# Source material
- Opening Delimiter -
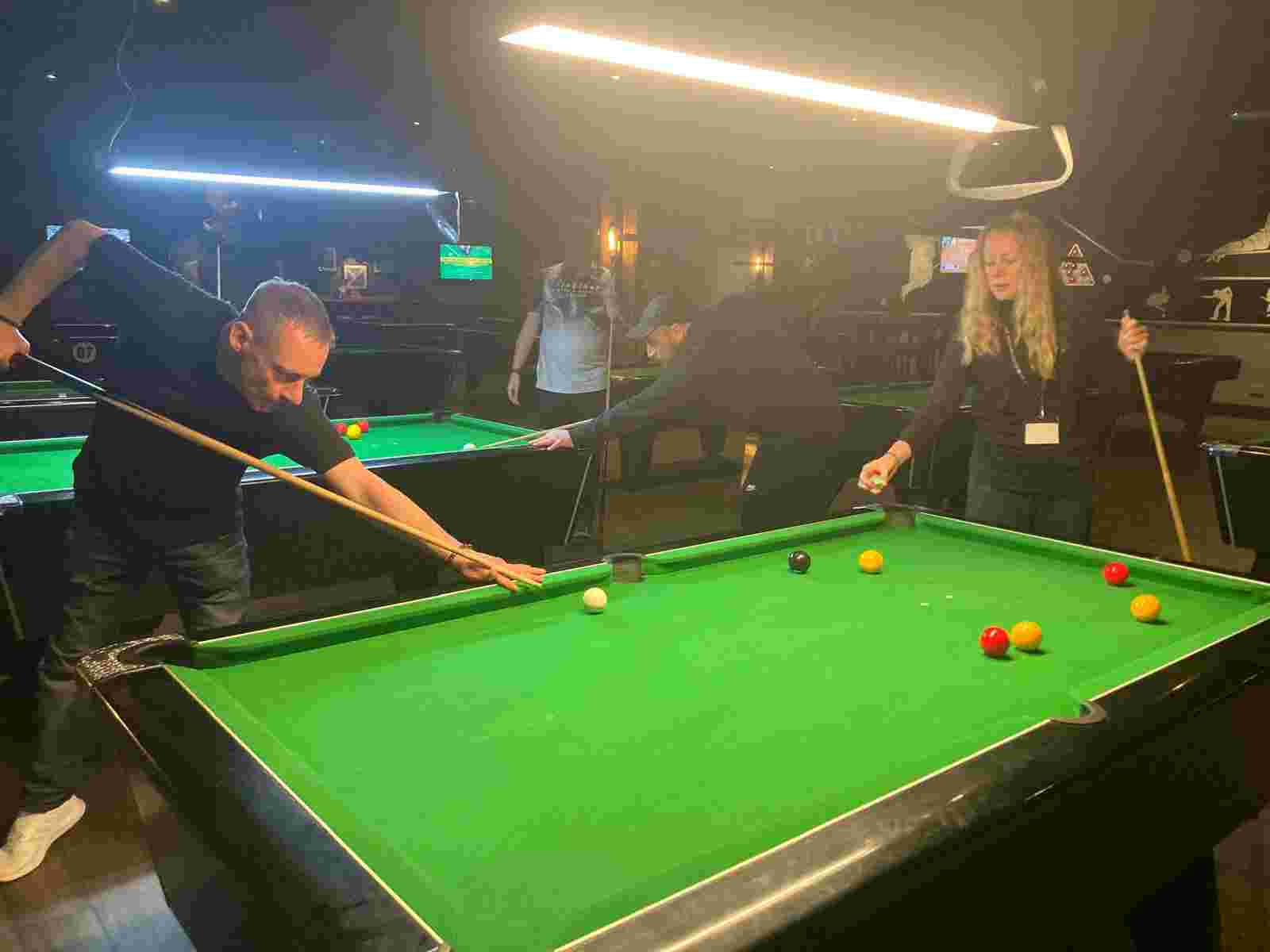 Chat Central: Pool at Rileys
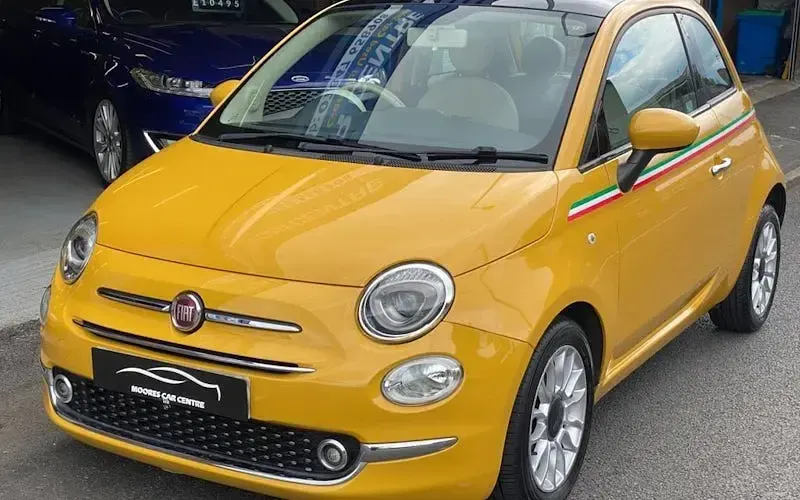 Used Fiat 500 Lounge 86 HP (63 kW) 2015 Hatchback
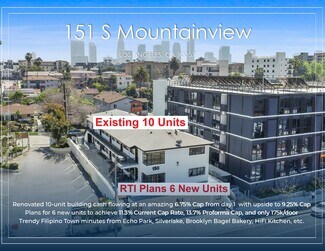 Plus de détails pour 151 S Mountain Vw, Los Angeles, CA - Logement à vendre
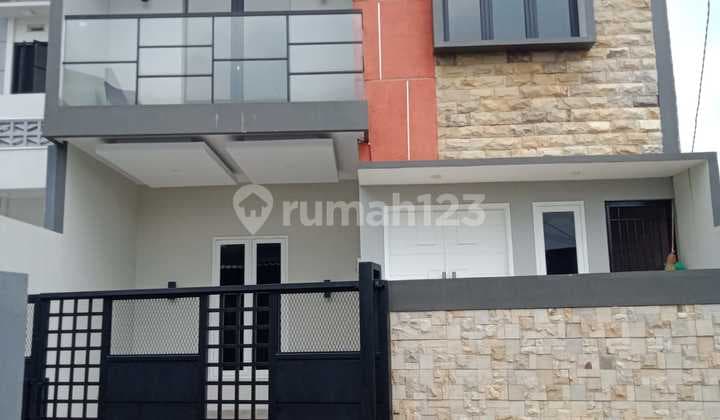 Rumah Siap Huni Di Poltangan Jagakarsa Jakarta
- Closing Delimiter -
# About this exercise
Exactly repeat the data above; the pictures do not belong in your copy.

# Solution for this exercise
 Chat Central: Pool at Rileys
 Used Fiat 500 Lounge 86 HP (63 kW) 2015 Hatchback
 Plus de détails pour 151 S Mountain Vw, Los Angeles, CA - Logement à vendre
 Rumah Siap Huni Di Poltangan Jagakarsa Jakarta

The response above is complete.